Each line below needs to be returned exactly. Skip any picture.
*** INFORMATION PROVIDED Section Begins ***
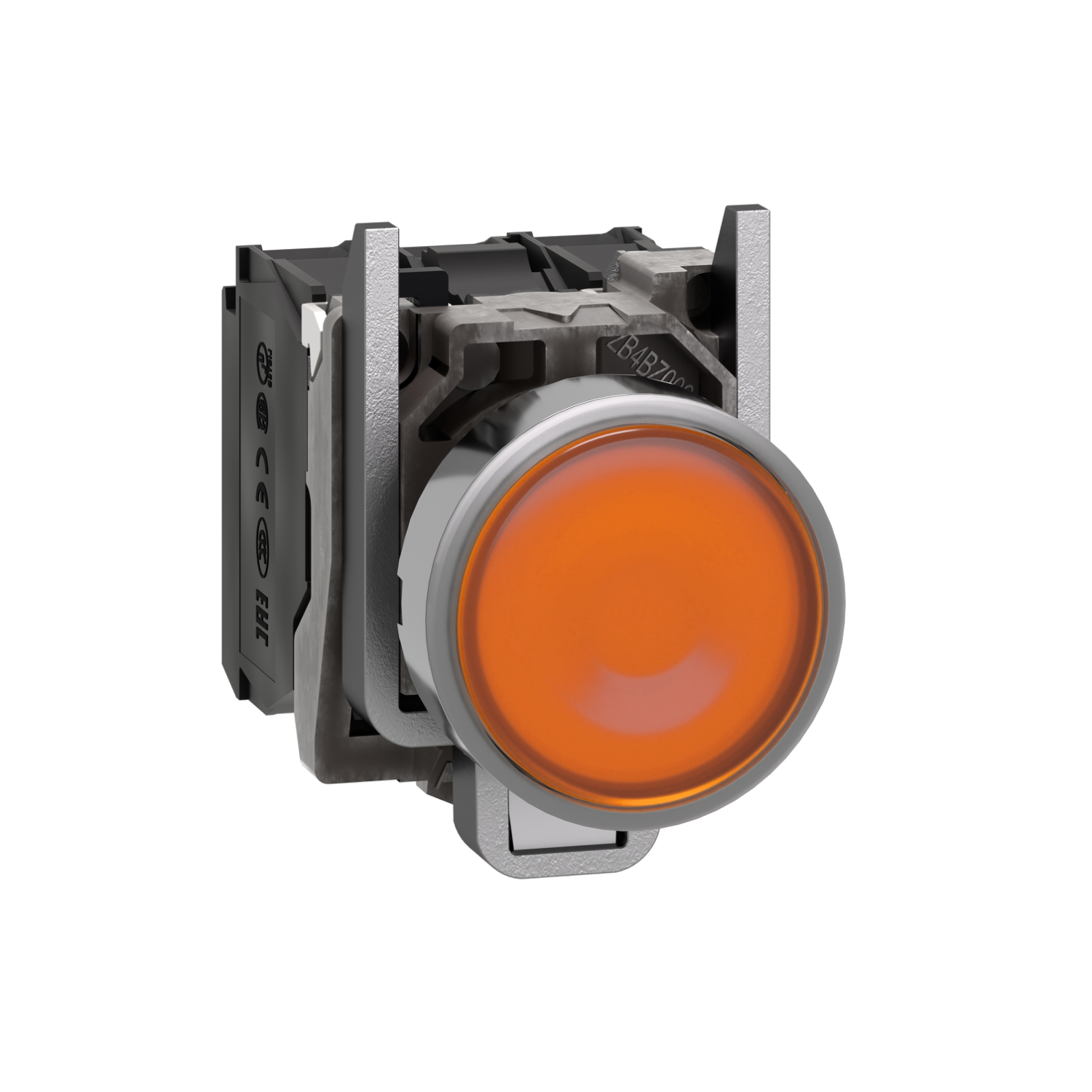 Schneider Electric Schneider Electric XB4BW35B5 – Harmony XB4, Illuminated push button, metal, flush, orange, Ø22, spring return, 1 NO + 1 NC 24 V AC/DC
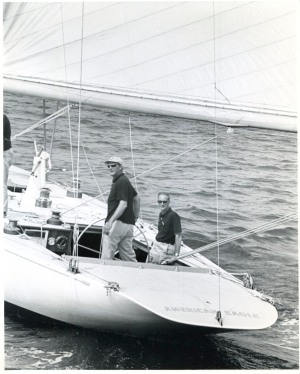 American Eagle (US-21), 1964 America's Cup, William S. "Bill" Cox (helm) and Bill Stetson-- photo by Stephen Lirakis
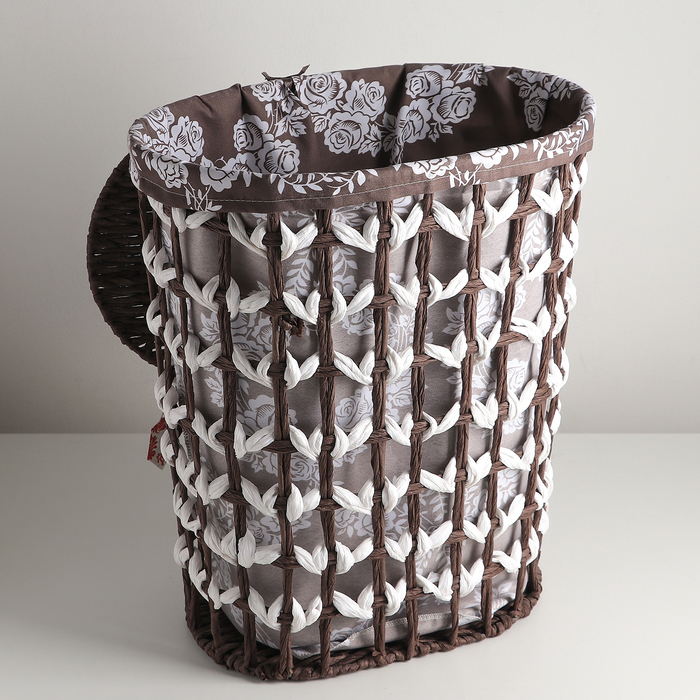 Корзина для белья плетеная "Розы"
*** INFORMATION PROVIDED Section Ends ***
**SOLUTION TO THIS TASK**
 Schneider Electric Schneider Electric XB4BW35B5 – Harmony XB4, Illuminated push button, metal, flush, orange, Ø22, spring return, 1 NO + 1 NC 24 V AC/DC
 American Eagle (US-21), 1964 America's Cup, William S. "Bill" Cox (helm) and Bill Stetson-- photo by Stephen Lirakis
 Корзина для белья плетеная "Розы"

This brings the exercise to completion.